Well, it's not just lawyers or politicians who think this--everyone thinks lawsuits are no big deal because "hey, they have insurance." These people are often the first to complain about rising insurance rates, too, and are usually too dumb to connect the two.

The public likes the possible jackpots.

In my experience, this drives most medical-malpractice lawsuits. I don't think it's any accident that most of the med-mal appeals I handle are filed by middle- to lower-income plaintiffs. It's not like relatively wealthier people are immune to bad medical results or malpractice (or even things like slip-and-falls), but I do think they're less likely to file personal-injury lawsuits.
 
4. In Canada, EM is the second lowest paid specialty (under $200k), because of 8-hour shift restrictions and the legal climate. There is an aggressive stance against settling lawsuits and losers pay legal fees. In America, EM is the highest paid 3-year specialty and eclipses some IM subspecialties that require twice as much training. The extra $50,000-$100,000 you command for practicing in America is mostly to compensate for litigation risk. Would American EM docs trade their current income and lawsuit risk for a sub-$200k income and minor risk of lawsuits?.

This is not true. There may be shift limits in parts of Canada but where I practice there are certainly none, as our current shifts range from 7-14 hours in length depending on the hospital, and there is no limit to how many shifts you can work in a week or month. Most of us make above $200,000.00 if working full time. I work part time EM and part time FP and last year made almost $300,000.00. That was without killing myself, generally seeing between 2-3 patients/hr. We have excellent consultant coverage and good relationships with most of our colleagues. And very few lawsuits. Cheers,
M
 
Another SDN original post on KevinMD.com

You SDNers made it happen.

Submit a guest post to Kevin and be read by millions all over the world, literally (or post in the comments, at least).

Your opinion counts.

Be heard!






#birdstrikeinjectstruth
 
It does seem like we deserve to be sued as much as any other industry.
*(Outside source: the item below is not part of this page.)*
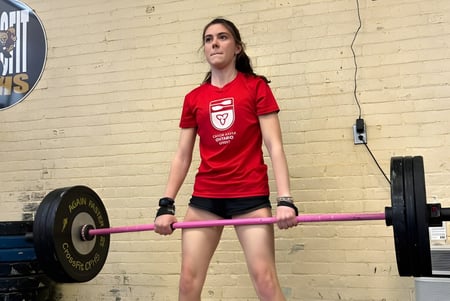 Una estudiante de Carleton Place High School entrena con un peso en el gimnasio.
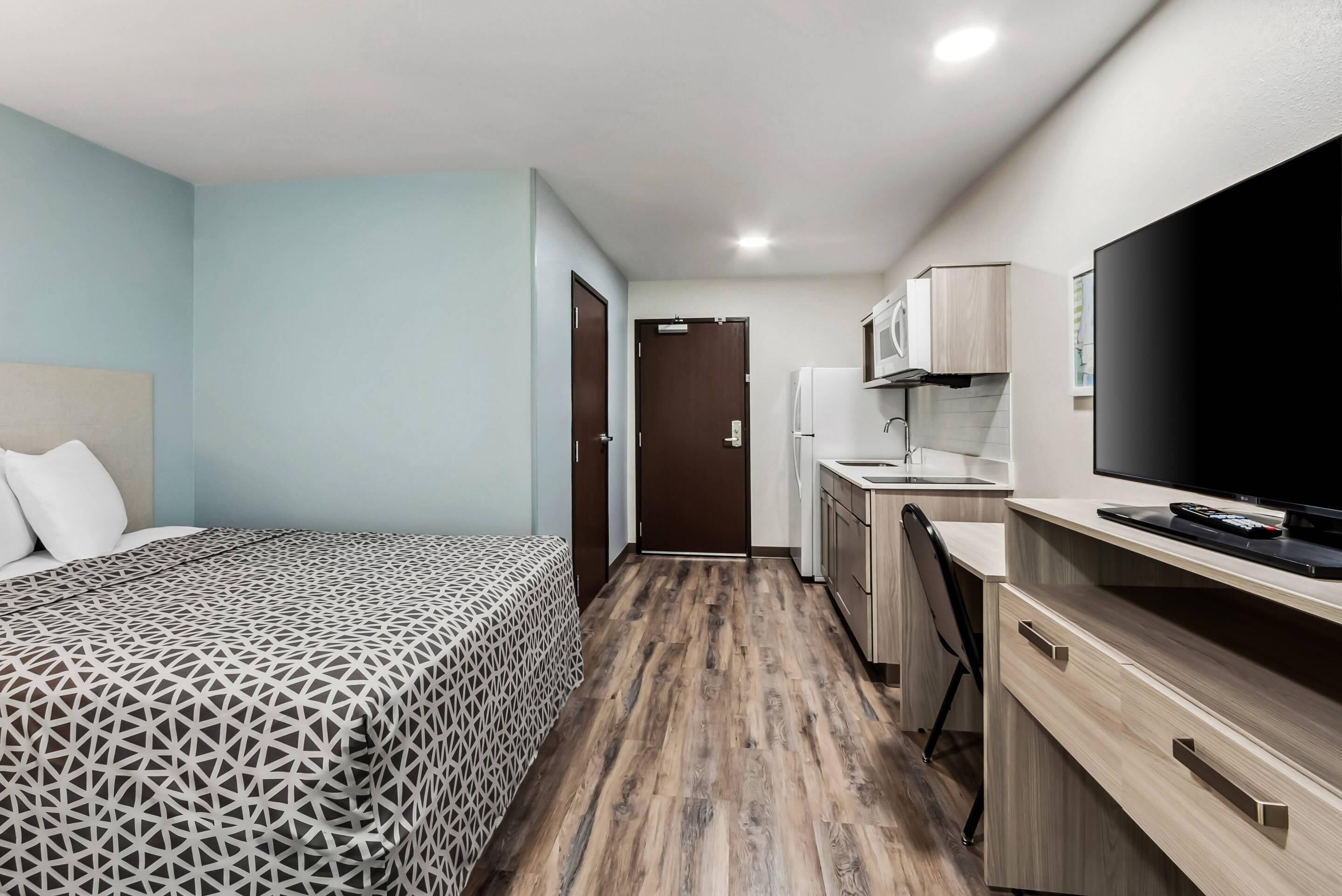 A compact hotel room with a bed, a desk, a chair, a television, and a kitchenette.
Except we dont get "sued as much as any other industry" we get sued at much higher rates. Studies show that 75% of physicians will get at least one claim filed against them in their lifetime of practice. Show me one other profession that even comes close to that. Hell even LAWYERS dont get sued at that high of a rate.
 
That's an interesting concept. I've seen enough of my cases where even I could see that the plaintiff's expert was saying something outlandishly wrong about what the alleged "standard of care" is.

The fundamental flaw in the legal system is that it says you have to break a "standard" of care in order to be guilty of malpractice. And yet the courts pull a bait and switch and blindly accept any rogue hired gun's "expert" testimony about what the "standard" is

Standards are not, and can NOT be set by individuals. Standards are set by communities. But courts dont accept "testimony" by organizations, they only accept hired guns who have a very good reason to lie in the courtroom.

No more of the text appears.